Dito parecer malfere o sentido da expressão “atividade do Judiciário”, como se a CPI objetivasse rever juízos e decisões processuais, típicos da atividade jurisdicional, que é na verdade produzir sentenças e acórdãos no âmbito de suas competências firmadas no devido processo legal, não em outros procedimentos, rotinas diversas ou protocolos de gestão administrativa. Menos ainda em cenários de nenhum modo cogitados em lei.

As interfaces que permitem operacionalizar as tais atividades do Judiciário, pois, não são típicas de juízo algum e estão, por isso mesmo, sujeitas a controle público diverso da ordem dos recursos, porque não implica matéria “interna corporis” do Poder especificado na ação.

Essa ação funcional atípica, quando não de todo disfuncional, não traduz exercício jurisdicional próprio.

É justamente o que se propõe investigar na CPI em comentário, à margem de toda suscetibilidade impertinente: tratar de questões externamente controláveis no âmbito dos Tribunais Superiores.

Cumpre destacar que se o Senado Federal se exime de exercer essa natureza de controle sobre o STF, porque é o único órgão qualificado a procedê-lo sobre as rotinas do Tribunal que na visão de Rui Barbosa trata-se do órgão que “erra por último”, sucede que se tornará também isento de toda e qualquer responsabilização.

No Estado de Direito, entretanto, esse é um cenário inconcebível que perpetra o antidireito e fomenta o autoritarismo consistente num constitucionalismo meramente simbólico ou caricato.

Sobre isto, especula-se no seio da população, além do mais, que o receio do sistema político é, talvez, a possibilidade de descortinar-se, mediante os procedimentos da CPI em foco, um cipoal tão surpreendente de condutas e de subsistemas funcionais ativos de tal maneira fora do espectro normativo que talvez pudessem abalar a República.

De todo modo, essa preocupação, se houver, é tola, porque o Estado de Direito é autopoiético, rege-se pelas suas próprias normas e só se justifica funcionalmente pela sua incondicional previsibilidade jurídica, aplicação e efetividade normativa.

Desse modo, ninguém está a salvo do espectro normativo das leis no Estado de Direito e toda autoridade tem a sua correspondência no plexo das responsabilidades jurídica, política e social desde os mais elevados dignitários da República aos mais modestos dos cidadãos.

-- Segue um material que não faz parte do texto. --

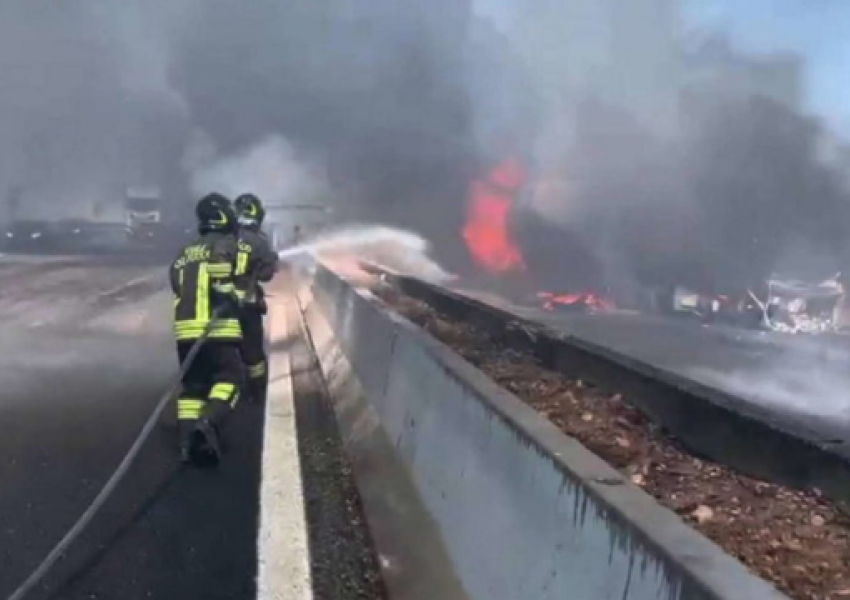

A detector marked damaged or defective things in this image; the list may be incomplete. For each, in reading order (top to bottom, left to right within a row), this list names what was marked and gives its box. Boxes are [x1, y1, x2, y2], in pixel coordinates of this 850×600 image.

charred barrier [300, 264, 780, 600]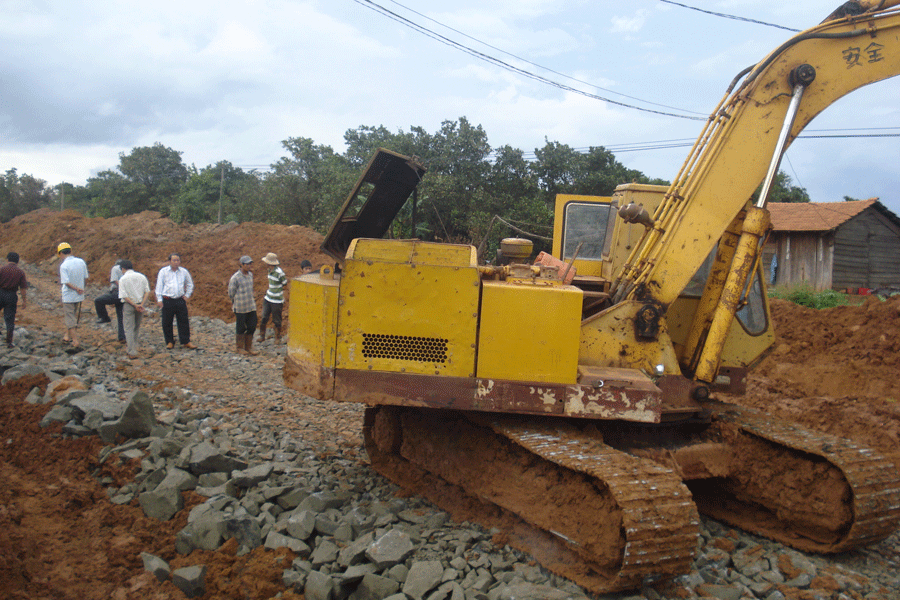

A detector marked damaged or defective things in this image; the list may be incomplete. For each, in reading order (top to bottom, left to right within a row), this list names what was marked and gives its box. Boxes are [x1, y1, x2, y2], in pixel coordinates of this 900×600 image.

Portanto, as leis não são meras peças de adorno no sistema jurídico de uma República sob o regime democrático. Pelo contrário, foram criadas para regular a vida social, nada obstante quem estiver sob o seu crivo.

De todo modo, a história se move indefectivelmente e a evolução é um fenômeno irreprimível. Mais cedo ou mais tarde vai acontecer. Convém sempre manter a esperança. É como penso, com as vênias das opiniões em contrário.

Num ponto, porém, todos haveremos de concordar: o tema Poder Judiciário no Brasil precisa ser revisitado, porque é matéria urgente e inadiável em face das atuais exigências da Nação.